Contemporary composers are often perceived as creators of esoteric music full of false notes, whose productions are inaccessible to mere mortal music lovers.
But "contemporary music" means nothing, it's not a style, and there has never been such a diversity of music written by today's composers.
And the best among them (Luciano Berio being undeniably the major Italian composer of the 1960s–80s) have sometimes made digressions, like here.
It should be noted that Berio was already aware of the limitations of contemporary language expression at his time, which he tried to expand both by looking at traditional music (his Folk Songs, premiered by his wife, the American singer Cathy Berberian), and by revisiting the great repertoire, particularly in his brilliant Sinfonia (1968), a major work whose third movement "In ruhig fliessender Bewegung" heavily borrows from the third movement of Mahler’s Second Symphony, also taking its title (meaning "In calm flowing movement"). Here, Berio makes an amusing incursion into emerging pop-rock music, taking these now immortal tracks, but reinterpreting them in a baroque style. Berio demonstrates a great mastery of baroque vocabulary, as well as its forms, and this renewal, this unexpected encounter, blurs the boundaries between "light" and "serious" music — conventions that have become artificial walls due to the fossilization of one and the rampant commercialization of the other.

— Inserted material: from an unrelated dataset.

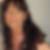 Photo de profil de Dominique Ramos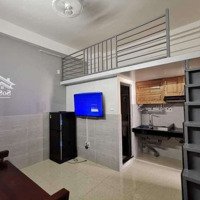 Duplex Full Nội Thất Gần Chợ An Nhơn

These revisitations lead the composer to an ultimate version of Michelle (Michelle II), which is far from baroque shores, introducing elements of the composer’s own language, but still maintaining a connection to the original (the Lennon/McCartney melody remains clearly audible and recognizable) as well as with other musical languages. This awareness of tradition, the fertile play with it, is somewhat of a signature of Italian contemporary music, particularly with Salvatore Sciarrino, who constantly operates on the margins of perception, introducing explicit or subtle references to major works of the past or, in the younger generation, Francesco Filidei, who, in his Fiori di fiori conceived as a tribute to Fiori musicali by Frescobaldi, inserts elements of the famous Venetian Baroque collection like a palimpsest, sometimes apparent, sometimes structuring the work in the background. It can be said in general that, more attuned to sound material, the immediate presence of sound, and the vocal component of music, modern and contemporary Italian composers have better escaped the dogmas that stiffen all music, while constantly maintaining a focus on renewal and the need to negotiate the threshold of modernity in multiple ways. As a result, their music often reaches the listener, no matter how radical it may sometimes be, and remains above all.